I have a deployment of Routerboard kit around Europe and have a problem with one CCR1036 which seems to lose it’s BGP service from time to time.
The router is in Frankfurt, Germany and has a full-table transit. It also has an iBGP peer with another 1036 in London via a pseudowire service provided by a third party.
Approx every 3-4 weeks the BGP service on the Frankfurt router just seems to stop. On the console, if I do ‘routing bgp export’ I get the comments lines and then the interface hangs (until ctrl-c)
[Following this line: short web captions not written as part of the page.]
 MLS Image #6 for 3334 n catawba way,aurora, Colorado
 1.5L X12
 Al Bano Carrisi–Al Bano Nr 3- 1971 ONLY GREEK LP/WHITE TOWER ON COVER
[admin@FRARTR01] > routing bgp export
# sep/07/2014 12:25:36 by RouterOS 6.18
# software id = KYWQ-UYW1
#
If I look in the web interface, both BGP instances and BGP peers are blank:
The only way to recover (that I have found) is to reboot the entire router. Incidentally, this takes a long time - approx 2 minutes from issuing the reboot command on the console until the router stops pinging. When it reboots BGP is fully operational again:
It is almost as if the BGP daemon ‘crashes’ and the router cannot restart it?
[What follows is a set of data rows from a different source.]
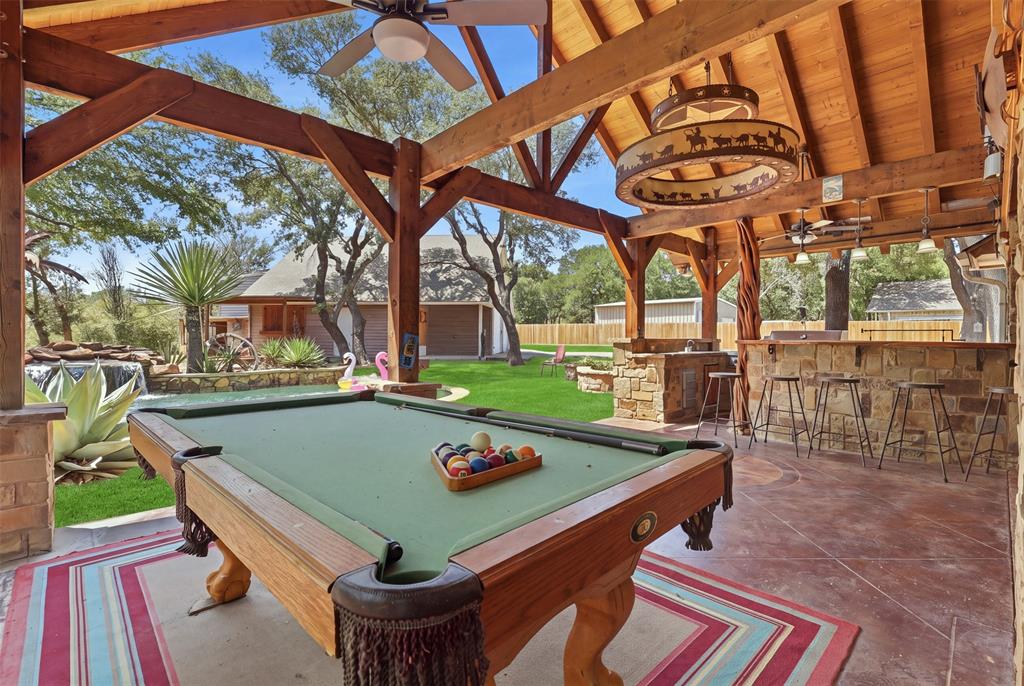 128 Oakwood Court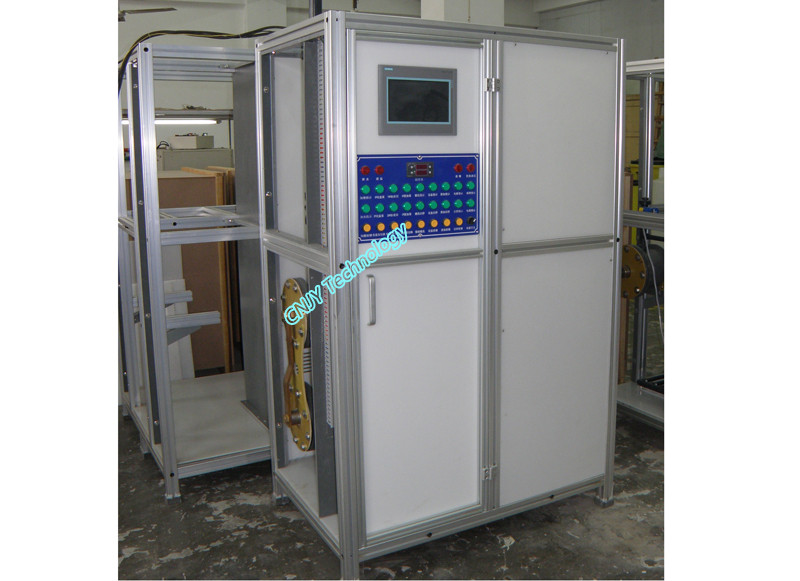 10000g/ h 全自动智能化高安全低运行费现场电解次氯酸钠发生器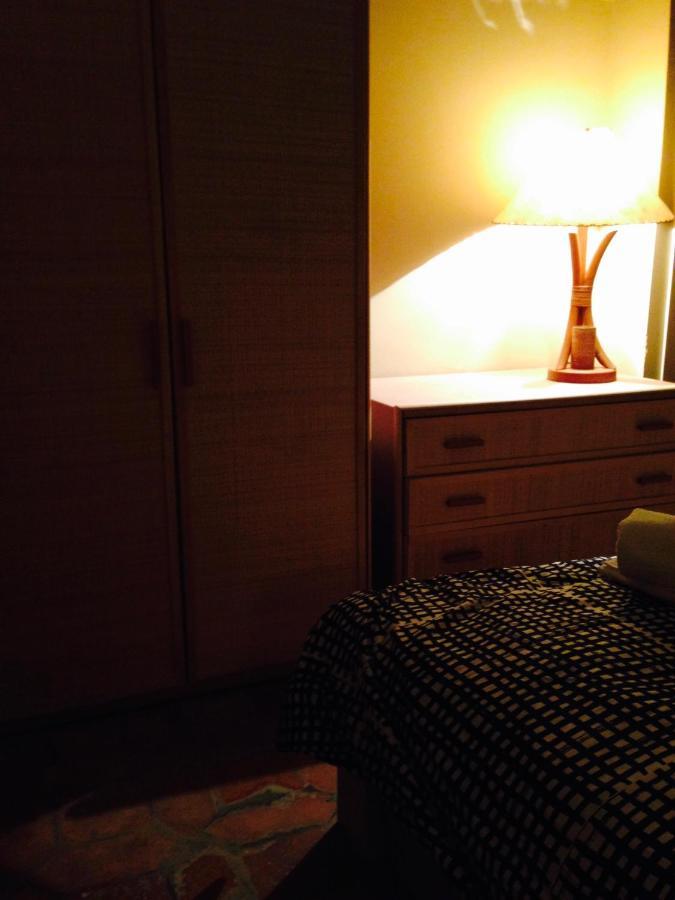 Mood-Siro Comi Hotel Pavia Phòng bức ảnh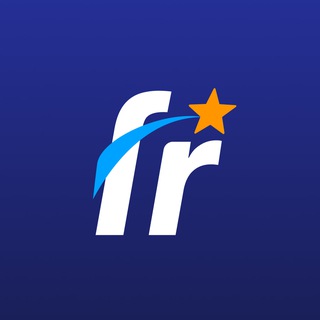 Frilansus.com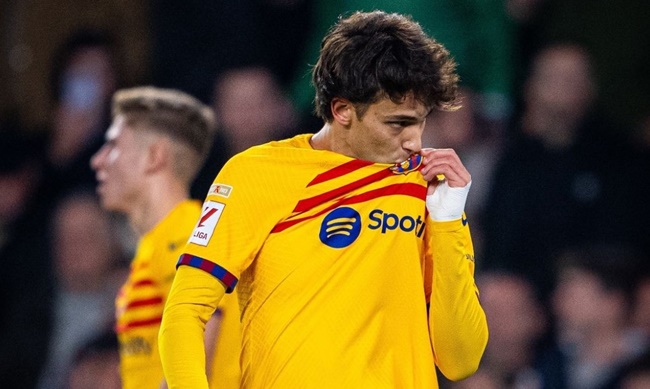 Felix khiến những kẻ chỉ trích phải câm nín_695bf5011df74.jpeg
The router was deployed in June with routeros v6.15. This issue occured 3 times. I upgraded to v6.18 around 3 weeks ago and this failed with the same issue yesterday.
Has anyone else seen a similar issue with a service just stopping working? Is there any way to debug or find out why this is happening? I had hoped that a software change would have fixed it but having used two versions of the operating system, unless someone else can confirm the same bug, I am starting to think this is a hardware issue. Obviously that is a huge difficulty as the router is in Frankfurt and I am in London!
Can you make a supout.rif while you encounter the BGP problem?
It’s a long shot, but if you succeed in getting a supout, maybe Mikrotik support can find something out.
I have a 2x 1036s running 3 full v4 and v6 feeds.. one is at 47 days uptime on 6.17 right now… the other was up to about 60 days before I rebooted to test something (6.15).
Yes, this is what MT support asked me to do too. Next time it happens I will do that. I was really wondering whether anyone else had seen the same problem and found a solution for it.
That’s disturbing.
I have two CCR1036s in one of the centers and they are exchanging full BGP table with two upstream ISPs.
I’ve just checked the uptime - 7 weeks.
I’ve had some flapping BGP sessions during these 7 weeks, but it was always a L2 device in between that was breaking the connection.
What you describe is pretty similar to a problem I noticed on the CCR, it only happened once though. The problem was that almost all of the bridge interfaces were gone! A restart of the device solved it. But again, as you describe - in my case the bridge config was shown as empty.
There are no file operations possible and it wiped the admin passwd !!!
Thank god filtering kept the world to login to this ospf router and kill our network.